Wednesday, June 12, 2024

Private Prisons are the Very Personification of America

Back in 2006 I asked:

How come we have so readily accepted prison sex? We think of a prison we shrug our shoulders and think ah well, dudes fucking dudes, it’s just the situation they’re in. What is this?

Meanwhile, here’s Bill Maher on last week’s Real Time:

Someone has to look into the puzzling paradox of why it is that rape jokes are completely unacceptable, and unthinkable, and totally out of bounds, but raped in prison jokes? Fucking hilarious! For some reason, Americans simply accept that not only do we lock up way more people, but that if you're a criminal of any kind, yes, sodomy is the appropriate comeuppance. And we all sort of just accept that, like, "Well, that's how prison works."

Maher also pivots to the somewhat new reality of for-profit prisons, which may be the most simultaneously inhumane and American thing we’ve dreamed up yet:

Private for-profit prisons. That's what we have here. And corporations, it turns out, don't run prisons to improve society. They run them to make money, which means putting more people in the system. The more prisoners, the more profit. This is why they lobby Congress for three strikes rules and keeping weed illegal. They don't want them rehabilitated. They want return customers.

"But Xmastime", you say in the voice of Craig “Ironhead” Heyward from those soap commercials (RIP), “didn’t you ALSO call this bullshit out just as it was ratcheting up in 2006?"
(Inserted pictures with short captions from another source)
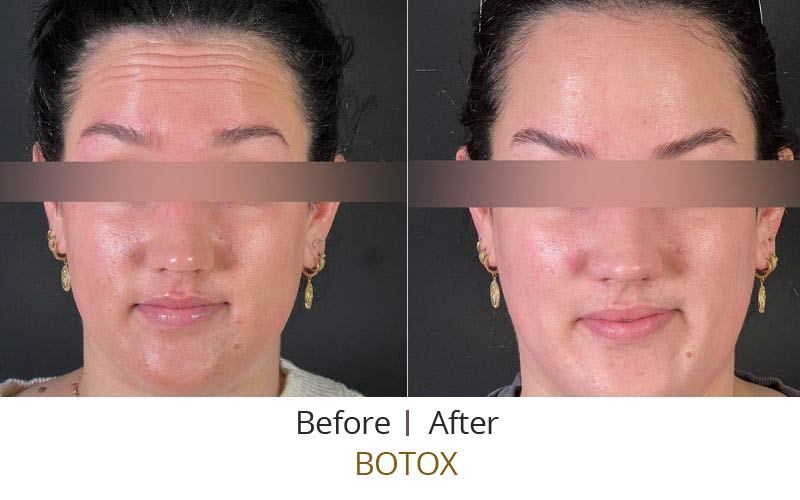 Before and after results of Botox.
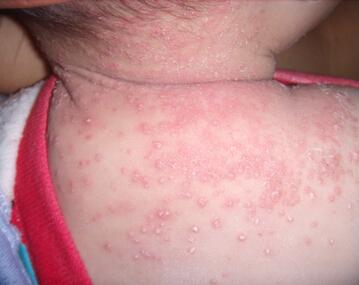 宝宝患干性湿疹的原因 宝宝患湿疹的五大原因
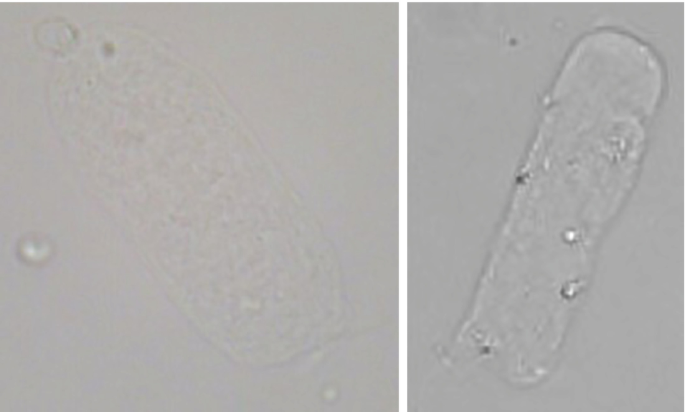 Urine Microscopy: The Utility of Urinary Casts in Patient Care – Practical  and Useful Tips for Busy Clinicians | SpringerLink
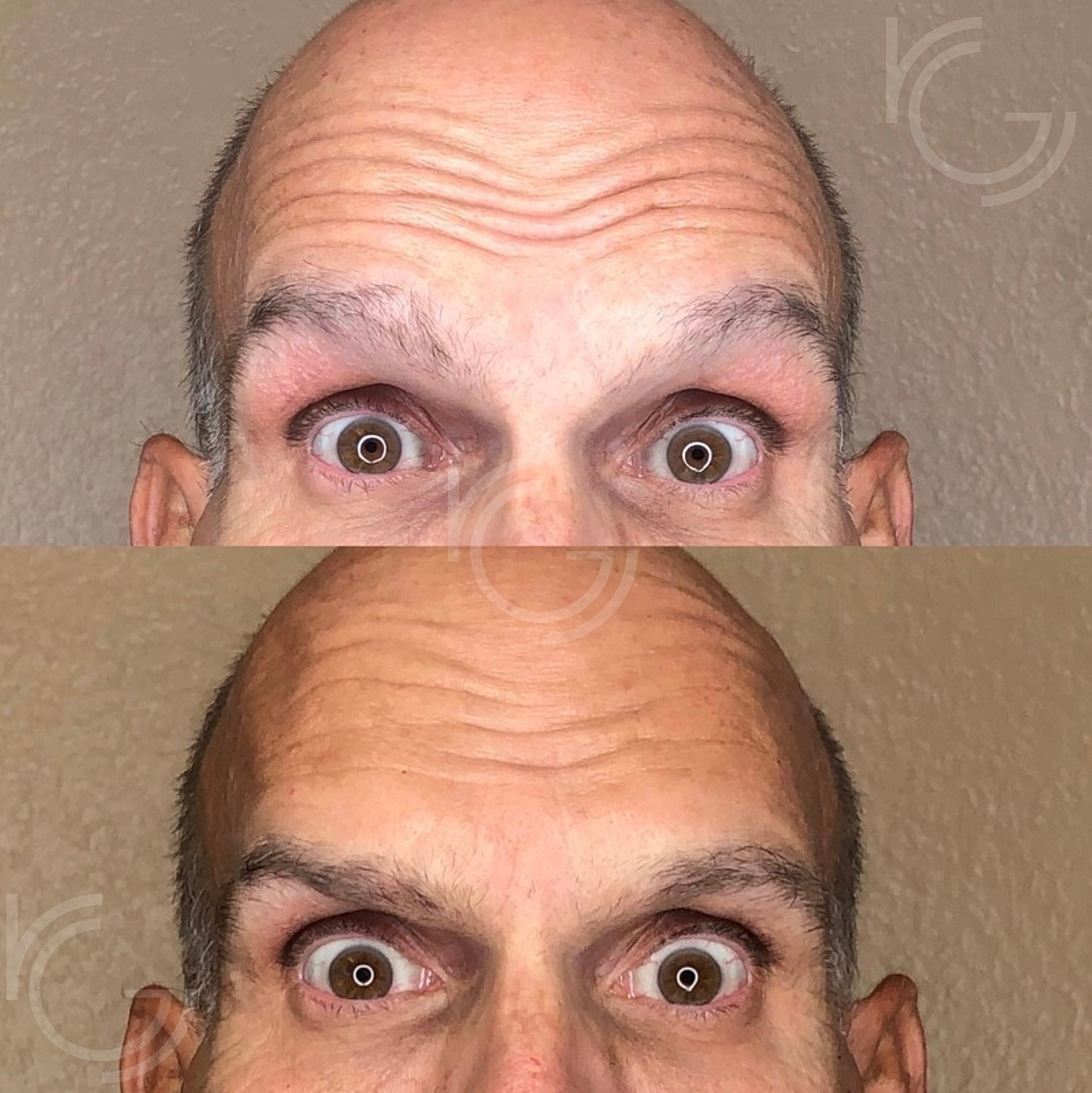Botox Before & After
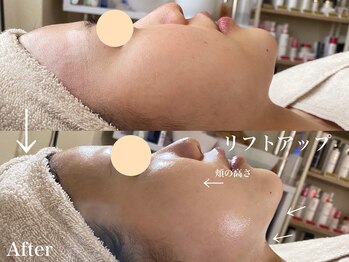 ドゥクス 難波店(Dux)/タラソでリフトUPも!?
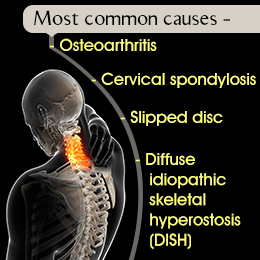 Causes of bone spurs in the neck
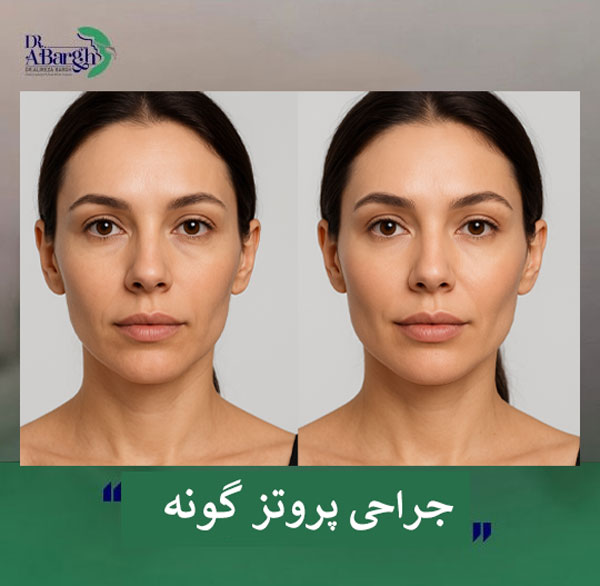 جراحی پروتز گونه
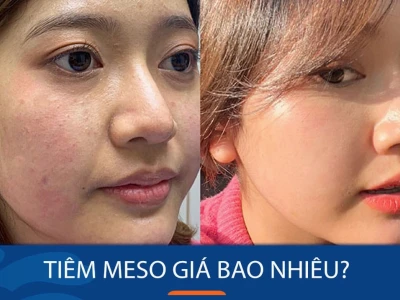 Tiêm Meso Giá Bao Nhiêu? Cẩm Nang Chi Tiết Từ A-Z Năm 2026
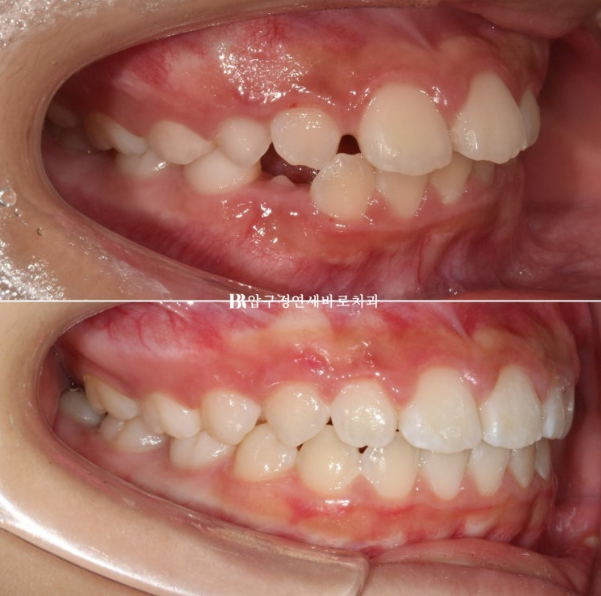 A Child’s Protruding Teeth Correction Review: Difficulty Closing the Lips image 14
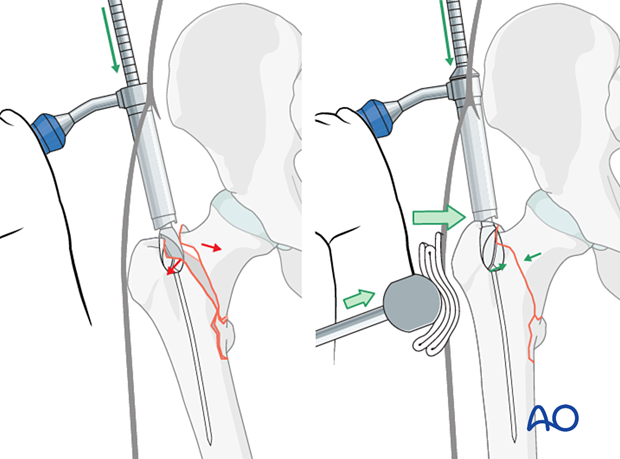 Opening the trochanter with a reamer for intramedullary nailing of a trochanteric fracture with counteracting the lateral displacement forces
Sigh. Yes I did, faithful readers, YES I did:
There is something strange about a nation that sets up a collection of laws based on morals and values, and then is okay with paying private companies to house people that (allegedly) break said laws. But the main thing I got from this article is that housing criminals pays, so it behooves private prisons to keep their facilities stuffed as much as possible. Which means they're not particularly interested in whether or not an inmate is guilty or not, so right away you have a kind of flimsy, so what? kind of justice. And, even worse, having privately-run detention facilities opens the door to judges getting kickbacks from these centers, as was the case HERE. So now we have innocent people thrown in jail for money, and we hafta question whether or not every judge's decisions are based on if he/she is getting a kickback or not. How comforting.

Also, what are the legal bounds of such ownership? If I own one of these detention centers, can I decide that from 2-4pm every day they're free to roam, say, the Capitol Mall? Why not, since I own the joint - can't I open the doors when I want? Can China or Iran buy these prisons?

There are practical reasons private detention centers are bad (innocent lives ruined, complete corruption of the bench) but as I opened this post, there's something wrong with deciding the rules of law and then handing over the reins of punishment to someone else for money.
And of course we all sit around scratching our heads: re why prisons mostly fail when it comes to rehabilitating people.